Franklin schools has Johnson County’s lowest graduation rate, and to turn that around candidates running for school board want to find ways to ensure more students finish high school.
The seven school board candidates running for three open seats want to be sure students can connect with teachers or other employees who can explain why it’s important for them to graduate on time. They also want to evaluate the high school’s classes to be sure Franklin has enough courses to interest students who don’t plan to attend a four-year college.
Incumbent William Maschmeyer and Timothy Lavery are running for one open Franklin Township seat. Cory Cooper, Kristine Ott,
D. Christopher Bass, Joseph Skeel and Bryan Wertz are running for two open Franklin city seats. All voters in the Franklin school district can vote in the school board races.
The three winners will vote during the school board’s monthly meetings on any changes to Franklin’s courses or educational policies, approve the yearly budget and evaluate the superintendent.
The candidates also want to find ways to continue building on the school district’s Finish Strong program, which gives current and former students the chance to earn their diploma through online courses. If they can do that then the graduation rate could rise above 85 percent, they said.
“We keep kids in school and bring kids back by giving them alternate education programs, such as Finish Strong, such as (Central Nine Career Center). And as kids change, we have to change too. And we have to be the provider of choice in the area,” Maschmeyer said.
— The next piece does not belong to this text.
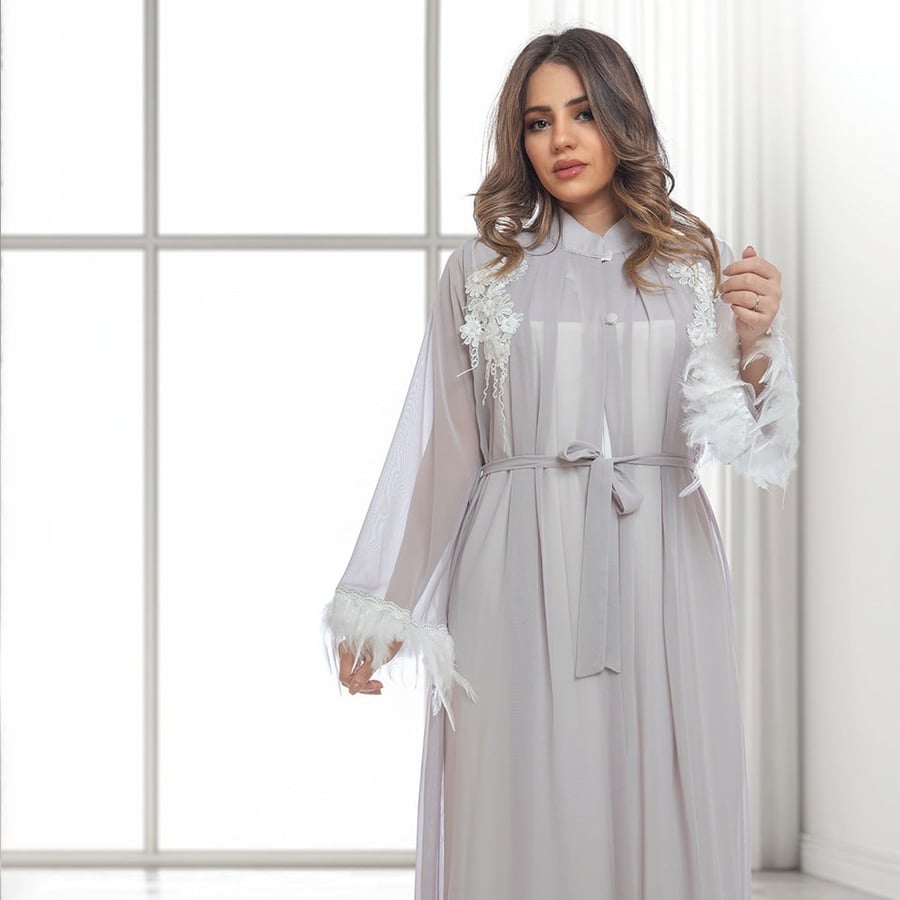 ثياب نسائية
Maschmeyer, Cooper and Ott said Finish Strong’s online degree program is a great alternative for students who aren’t succeeding in traditional classrooms. Bass said Franklin can reach even more students by creating additional online courses.
“It may not work for all (students), but it definitely is a step we can take in the right direction,” he said.
Cooper, Lavery and Ott said Franklin needs to find additional ways for students to connect with teachers, guidance counselors, or anyone else who can emphasize the importance of finishing high school.
“If they identify with one person, then they can usually keep that student at school, doing their best. When they can’t identify with anybody, that’s usually when they feel like they don’t belong and drop out,” Cooper said.
Lavery said counselors have a major impact on students by identifying reasons students may be struggling and helping find solutions. He wants Franklin to examine how many counselors they have at the schools, look at what they’re doing to keep students in school and how they can have even more success.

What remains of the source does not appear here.